**WHAT THE TASK REQUIRES**
Check every line of the material below, and show those that contain "bedroom".

-*-*-

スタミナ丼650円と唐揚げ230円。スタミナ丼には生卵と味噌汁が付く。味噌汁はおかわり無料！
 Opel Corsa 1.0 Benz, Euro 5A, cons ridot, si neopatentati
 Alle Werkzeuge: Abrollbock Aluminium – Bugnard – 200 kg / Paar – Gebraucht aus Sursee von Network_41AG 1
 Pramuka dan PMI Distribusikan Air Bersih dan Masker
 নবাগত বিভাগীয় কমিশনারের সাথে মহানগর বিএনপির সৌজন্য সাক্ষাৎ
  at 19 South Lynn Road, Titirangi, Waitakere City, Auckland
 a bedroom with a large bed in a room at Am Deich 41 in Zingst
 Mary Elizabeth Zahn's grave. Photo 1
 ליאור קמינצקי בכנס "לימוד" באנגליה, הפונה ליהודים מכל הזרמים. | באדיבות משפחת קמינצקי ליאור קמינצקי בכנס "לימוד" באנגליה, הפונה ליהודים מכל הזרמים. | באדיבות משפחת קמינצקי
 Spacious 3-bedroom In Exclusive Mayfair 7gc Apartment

-*-*-

**ANSWER SPACE**
 a bedroom with a large bed in a room at Am Deich 41 in Zingst
 Spacious 3-bedroom In Exclusive Mayfair 7gc Apartment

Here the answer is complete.